Start of Data provided

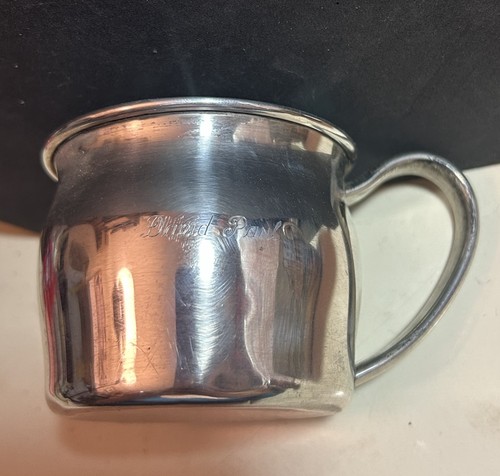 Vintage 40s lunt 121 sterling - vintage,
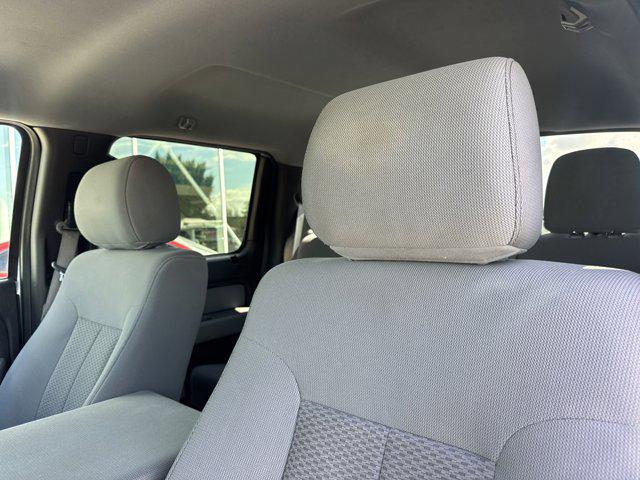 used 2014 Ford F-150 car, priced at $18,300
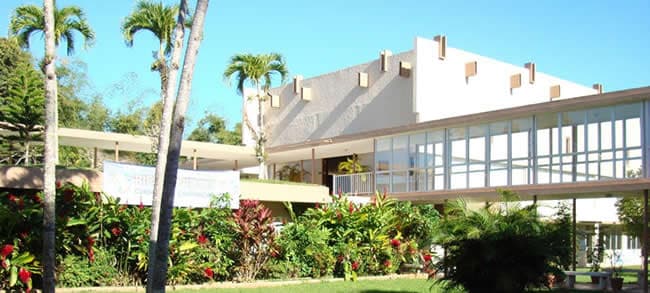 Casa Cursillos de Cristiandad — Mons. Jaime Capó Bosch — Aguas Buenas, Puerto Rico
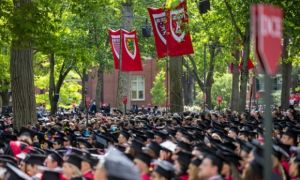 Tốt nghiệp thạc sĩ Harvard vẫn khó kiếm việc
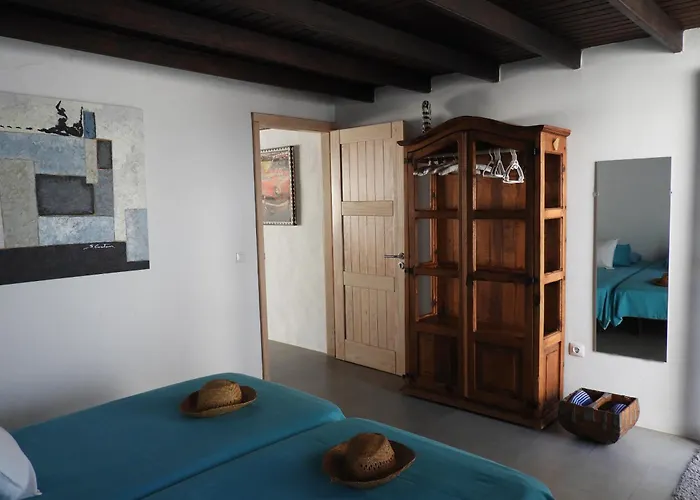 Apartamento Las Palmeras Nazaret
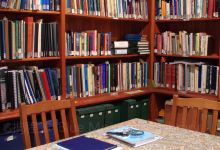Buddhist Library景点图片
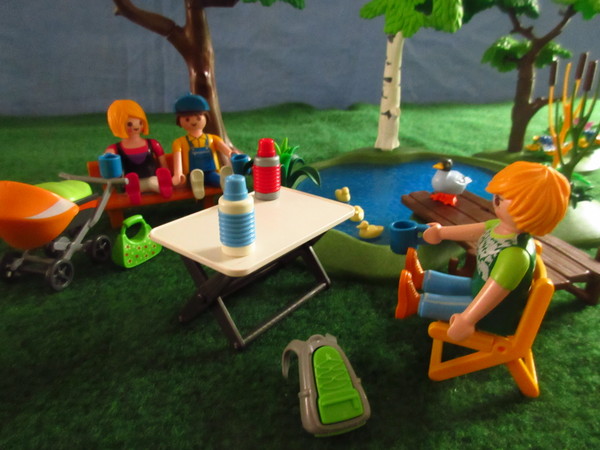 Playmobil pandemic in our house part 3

End of Data provided

__Problem statement__.
The copy must begin with the line containing "Casa Cursillos de", end with the last line of the material, match each line exactly, and hold no pictures.

__Answer to this problem__.
 Casa Cursillos de Cristiandad — Mons. Jaime Capó Bosch — Aguas Buenas, Puerto Rico
 Tốt nghiệp thạc sĩ Harvard vẫn khó kiếm việc
 Apartamento Las Palmeras Nazaret
Buddhist Library景点图片
 Playmobil pandemic in our house part 3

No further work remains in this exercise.